I spent weeks playing this game, guys. Literally weeks.

Also, for some reason I can't add captions to this post. Vexing.

Bravely Default.



Which actually is a good thing, really. One of my gripes with video games lately is that they seem to take only six to twelve hours, and while that's fine for things like Portal, which if they're too long will outstay they're welcome, it's not fine for everything. I like my games with a bit of meat on their bones, especially if I'm enjoying them.

Bravely Default, a turn-based RPG in the style of Final Fantasy - and by 'in the style', I mean it is so unspeakably a Final Fantasy game that the prevailing theory over why it isn't just a Final Fantasy game is Square-Enix's overwhelming neurosis about turn-based combat - puts you in the world of Luxendarc, a high fantasy world with four magical crystals. When the crystals go dark and a town, Norende, is sucked into a massive chasm, Agnes, a vestal of the crystals; Tiz, a shepherd boy from Norende; Ringabel, an amnesiac; and Edea, a soldier of the anti-crystal nation of Eternia, team up to purify the crystals, under the guidance of friendly cryst-fairy Airy.

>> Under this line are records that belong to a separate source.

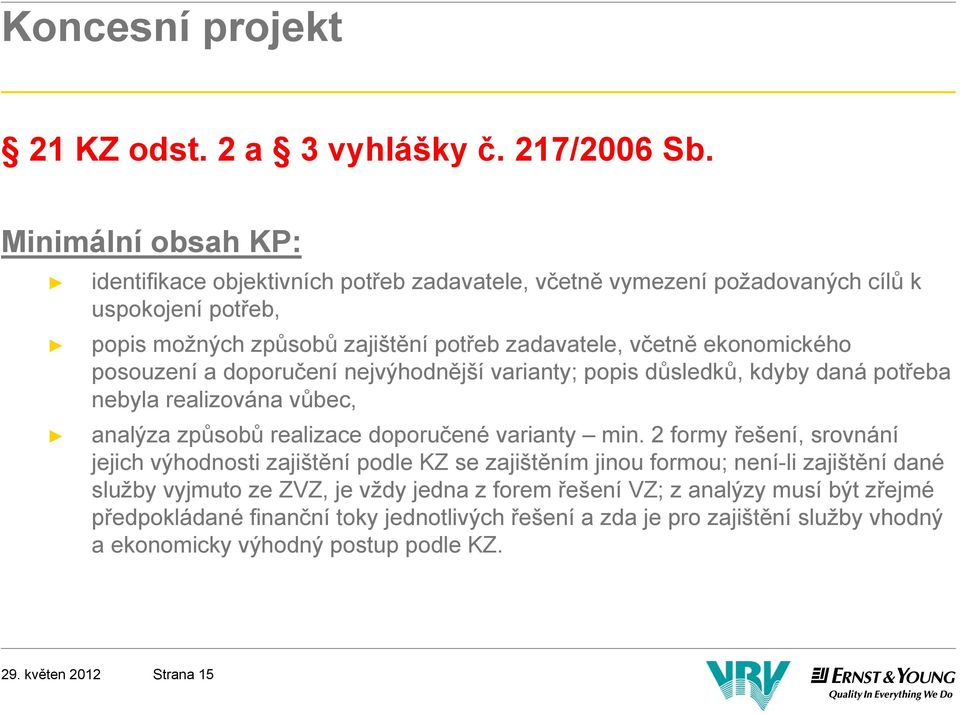 ekonomického posouzení a doporučení nejvýhodnější varianty; popis důsledků, kdyby daná potřeba nebyla realizována vůbec, analýza způsobů realizace doporučené varianty min.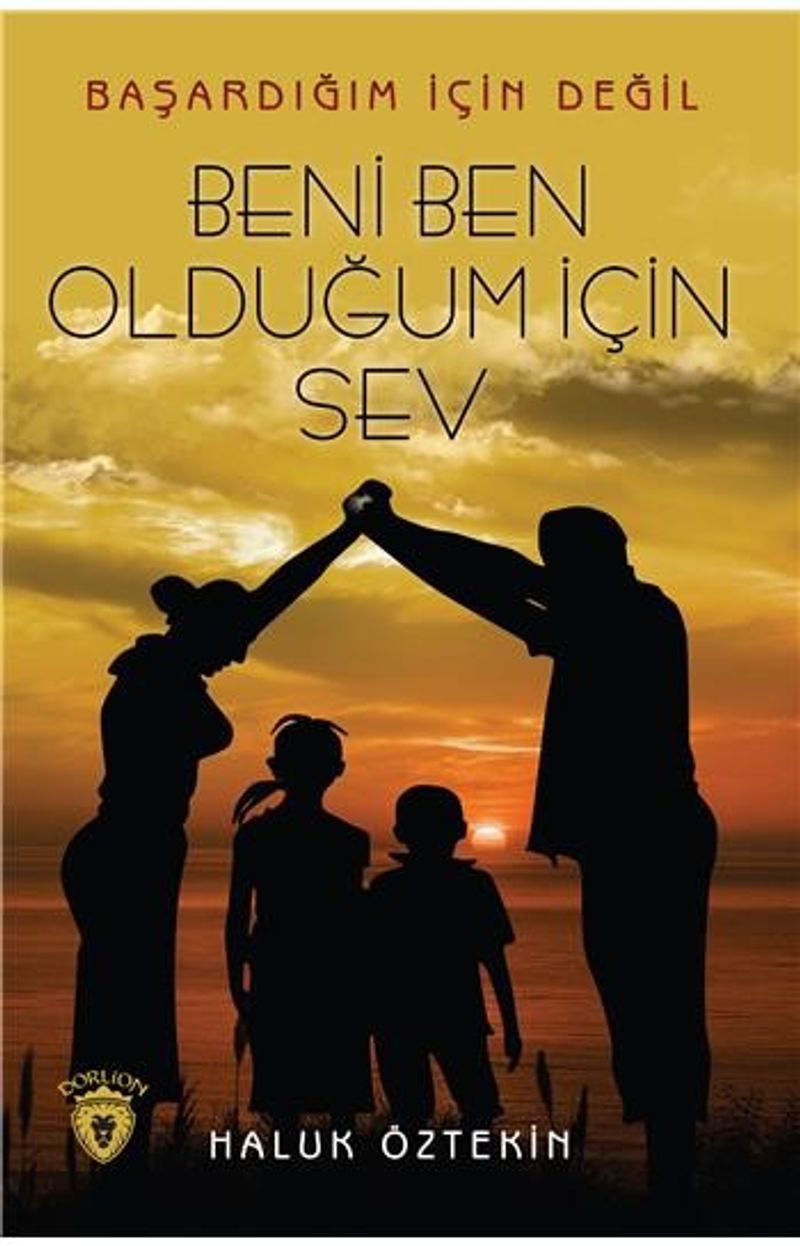 Beni Ben Olduğum İçin Sev kitap kapağı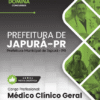 Médico Clínico Geral Japurá PR | Apostila 2026 2 Médico Clínico Geral Japurá PR | Apostila 2026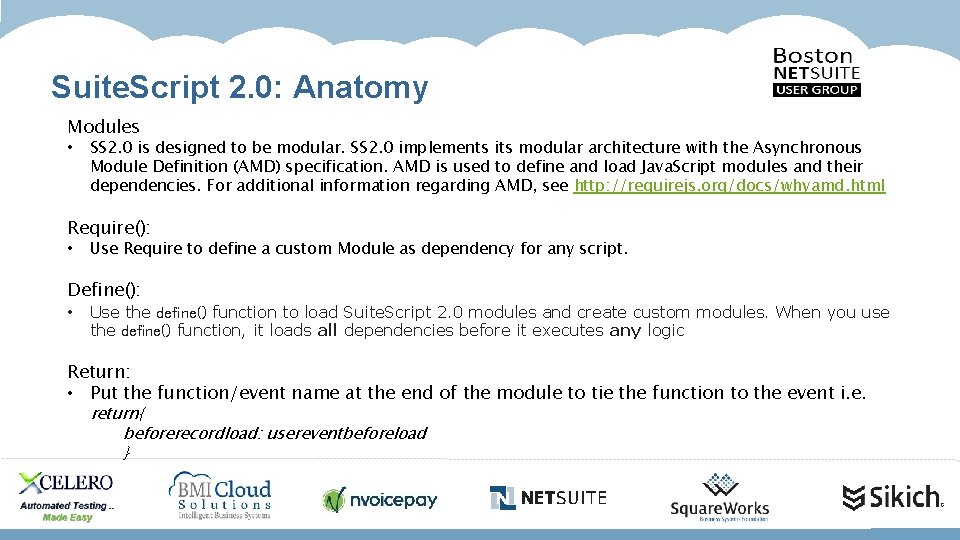 Suite. Script 2. 0: Anatomy Modules • SS 2. 0 is designed to be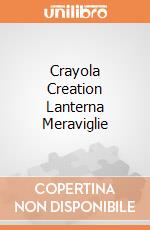 Crayola Creation Lanterna Meraviglie gioco di CREA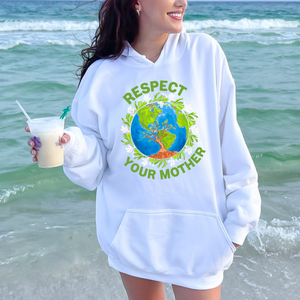 Respect Your Mother Hoodie – Funny Save The Planet Activism Pullover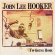 Hooker John Lee - I'm Going Home Hooker John Lee - I'm Going Home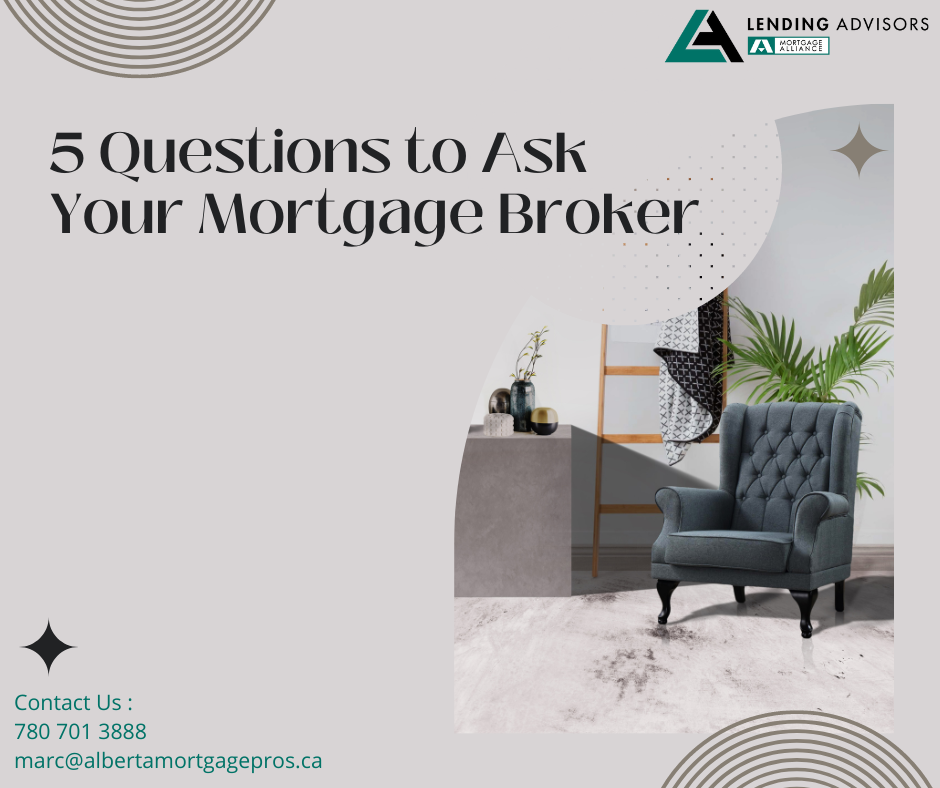 5 Questions to Ask Your Mortgage Broker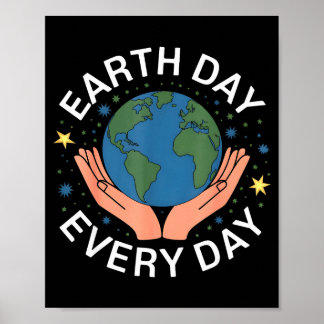 Poster Earth Day Every Day Eco-friendly Nature Lover Desi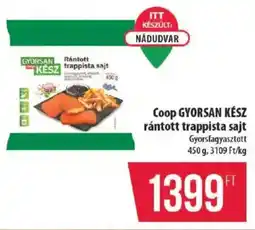 Coop Coop GYORSAN KÉSZ rántott trappista sajt ajánlat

The simple plot gets a lot more tangled and complex as the game goes on, but that's all I want to say to avoid spoiling. As you can see, it's very Final Fantasy III, and the similarities don't end there, as your four warriors of light can equip different jobs each with their own outfit.





There are twenty-four different jobs in total - which makes sense, the job system is arguably the main gameplay gimmick of the game, just as it was in FF III, but some of those jobs are really scraping the barrel. Like the job that summons monsters purely for the purposes of buffing. Or the job that does damage according to specific status effects. I should note that towards the end of the game, I did end up using abilities from the more obscure job classes quite often.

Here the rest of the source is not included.